Data provided —
>>>
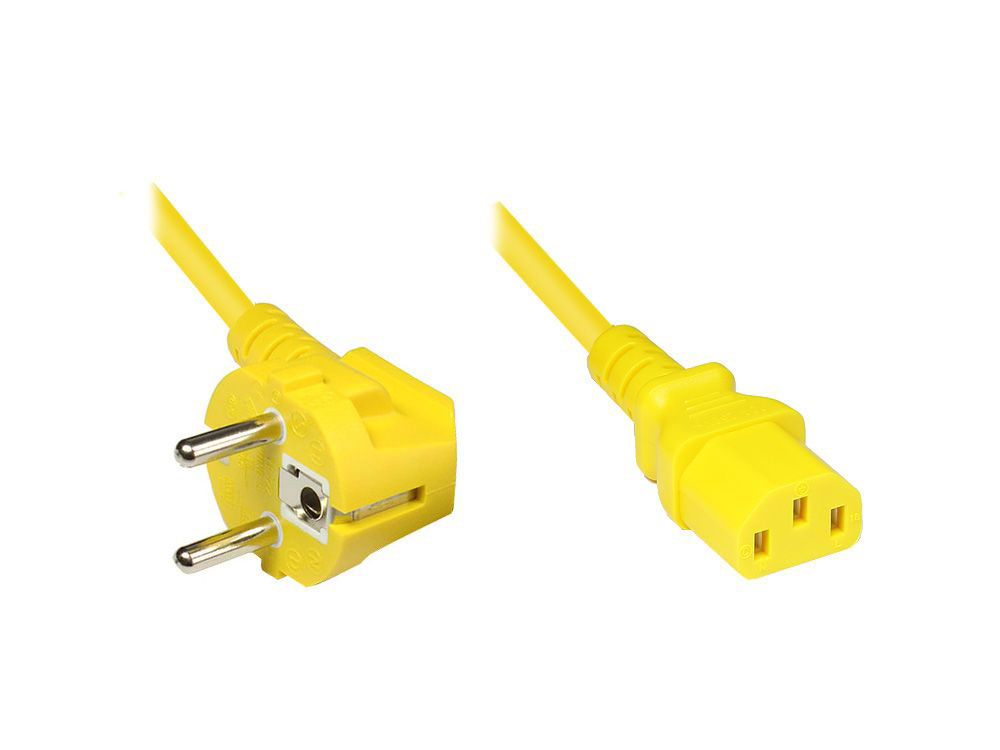 Netzkabel Schutzkontakt-Stecker an Kaltgeräte-Buchse, Typ F an C13, 3m, gelb, Good Connections®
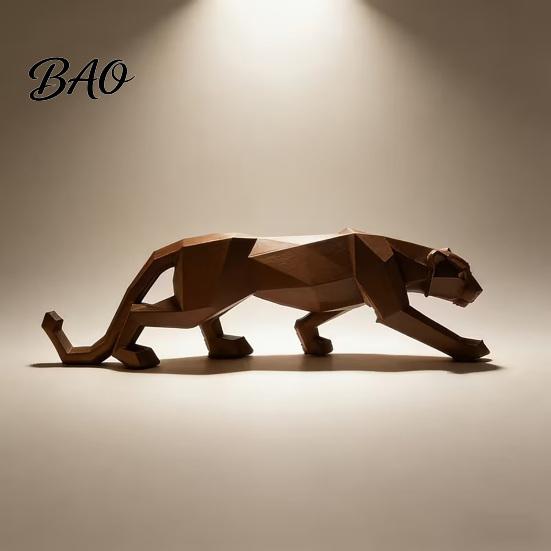 Durable Matte Leopard Statue 3D Printed Cheetah Figurine, Compact Geometric Faceted Sculpture, Animal Figurine Minimalist for Home Office Decor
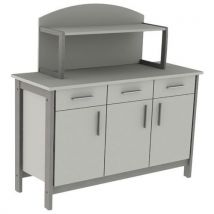 Buffet Swing 3p 3t Surmeuble Sans Serrures - Gris Perle/gris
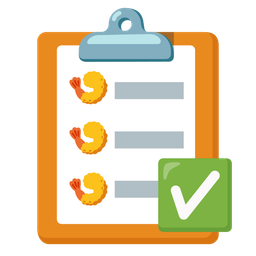 Fried shrimp and Check mark button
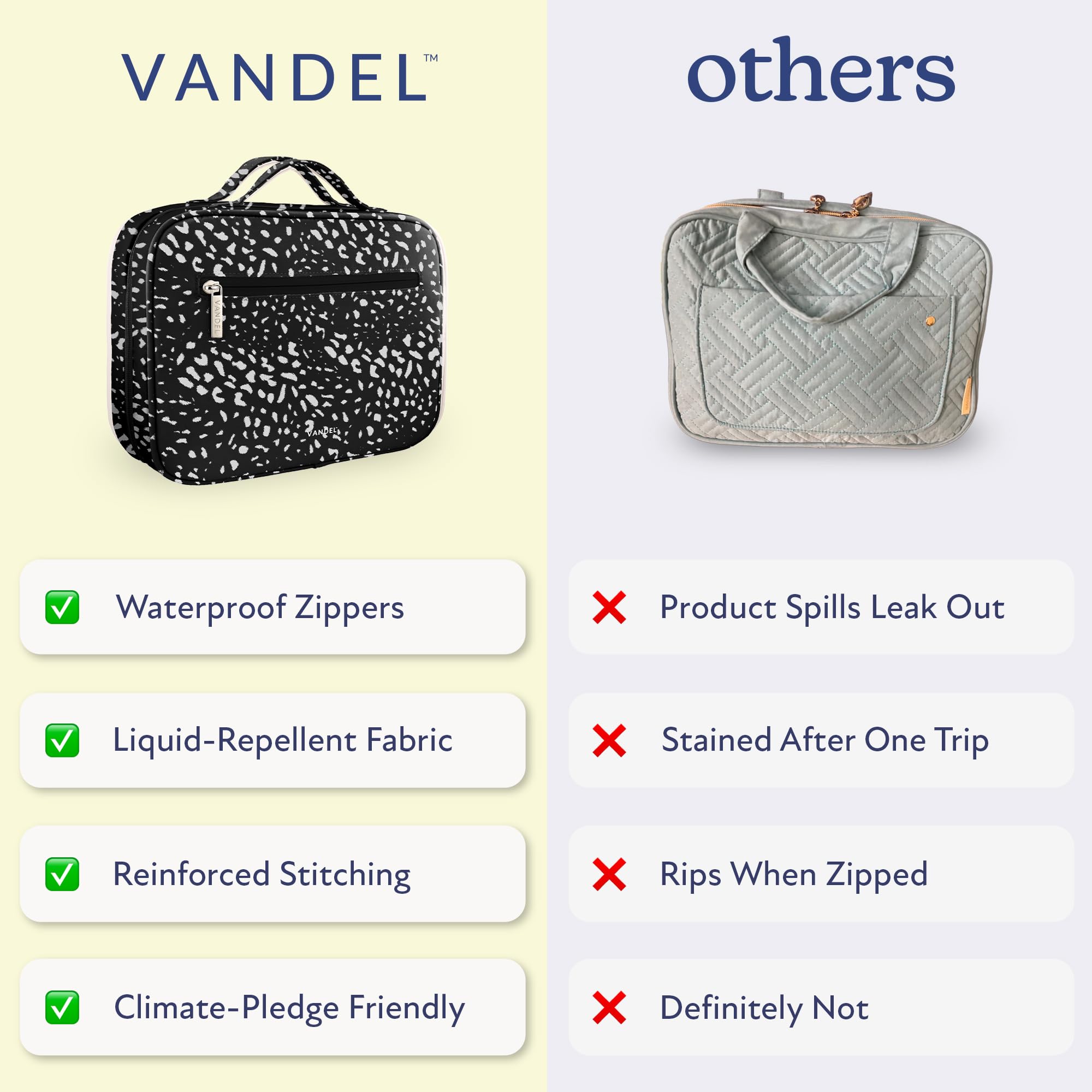 VANDEL Waterproof Hanging Toiletry Bag – Travel Makeup Organizer, White Leopard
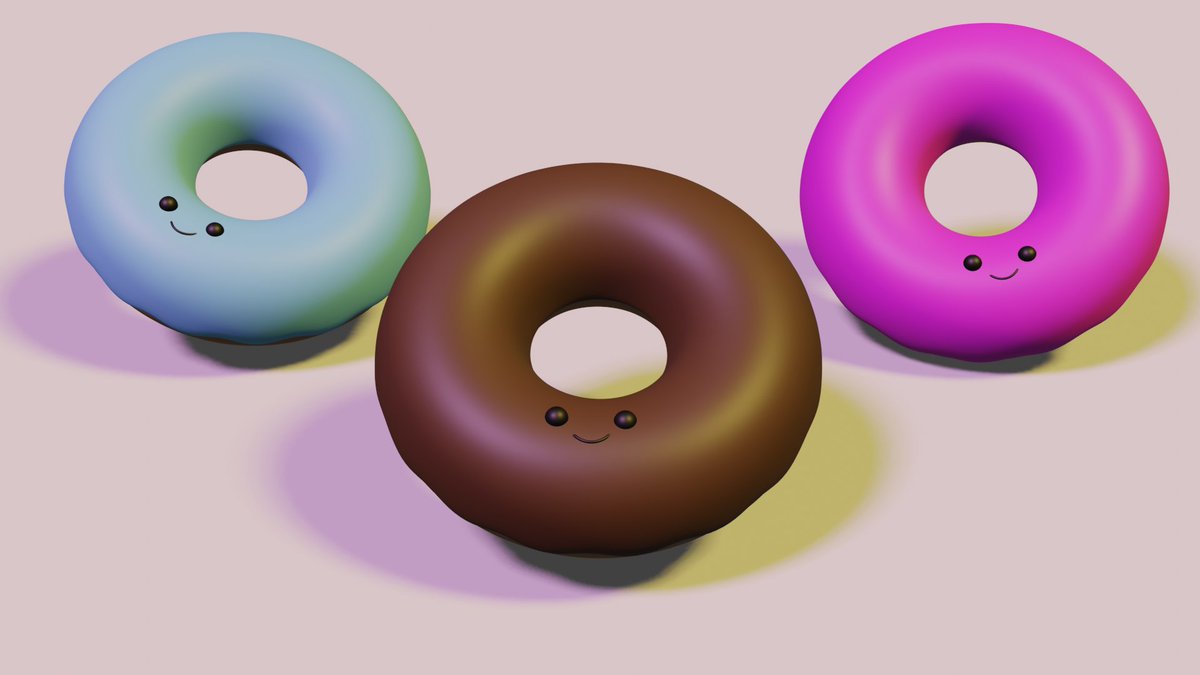 mjordan_5's tweet photo. Kawaii Doughnuts
.
Starting lunch off with some doughnuts.
Enjoy
.
#3d #b3d #blender3d #3dart #3dartist #3dprops #kawaii #kawaii3d #kawaiiart #kawaiidoodles #kawaiidoughnuts #doughnuts #happydough #cutedonuts #donuts #かわいい https://t.co/1SAZ1H7kTT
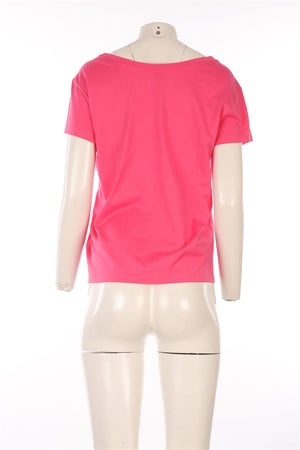 VERSACE PINK COTTON T-SHIRT IT 42 UK 10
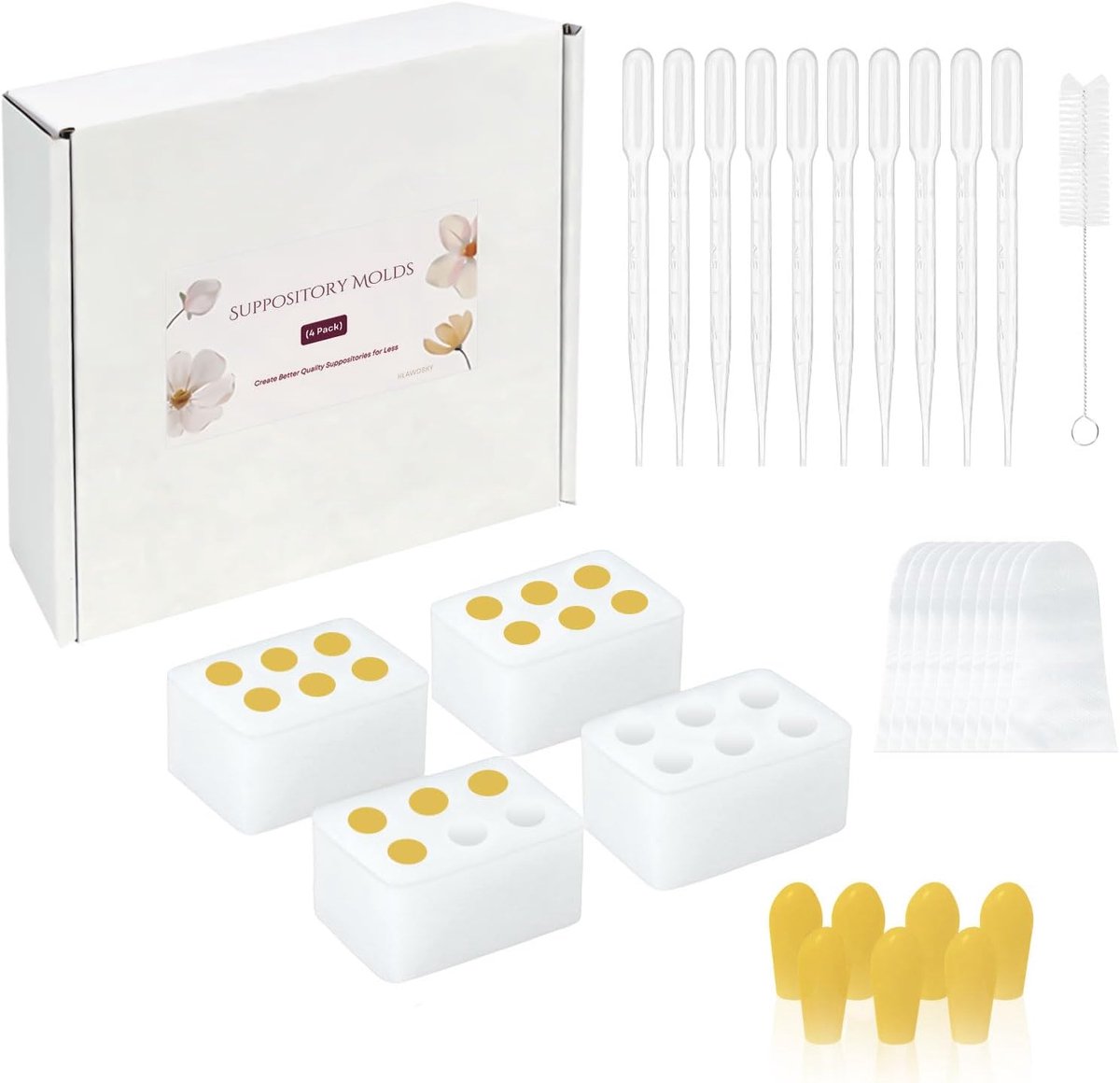 Suppositoirmallen set 2ML - siliconen mallen - 4 trays en 10 druppelaars - voor comfortabel gebruik - ShopVlot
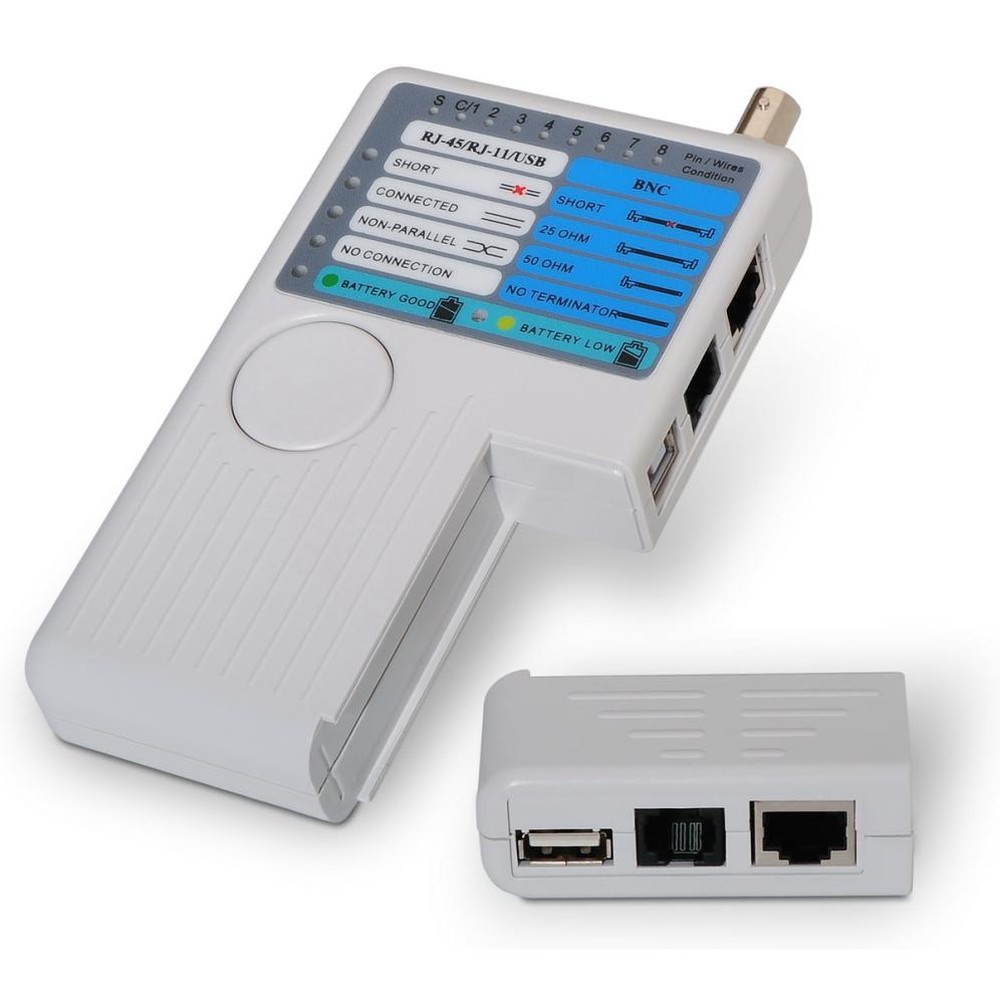 AISENS - Comprobador de cables UTP/STP A142-0313 con conectores RJ-45, RJ-11, BNC y USB, indicadores LED, gris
<<<
Reproduce every entry exactly; images stay out.

 Netzkabel Schutzkontakt-Stecker an Kaltgeräte-Buchse, Typ F an C13, 3m, gelb, Good Connections®
 Durable Matte Leopard Statue 3D Printed Cheetah Figurine, Compact Geometric Faceted Sculpture, Animal Figurine Minimalist for Home Office Decor
 Buffet Swing 3p 3t Surmeuble Sans Serrures - Gris Perle/gris
 Fried shrimp and Check mark button
 VANDEL Waterproof Hanging Toiletry Bag – Travel Makeup Organizer, White Leopard
 mjordan_5's tweet photo. Kawaii Doughnuts
.
Starting lunch off with some doughnuts.
Enjoy
.
#3d #b3d #blender3d #3dart #3dartist #3dprops #kawaii #kawaii3d #kawaiiart #kawaiidoodles #kawaiidoughnuts #doughnuts #happydough #cutedonuts #donuts #かわいい https://t.co/1SAZ1H7kTT
 VERSACE PINK COTTON T-SHIRT IT 42 UK 10
 Suppositoirmallen set 2ML - siliconen mallen - 4 trays en 10 druppelaars - voor comfortabel gebruik - ShopVlot
 AISENS - Comprobador de cables UTP/STP A142-0313 con conectores RJ-45, RJ-11, BNC y USB, indicadores LED, gris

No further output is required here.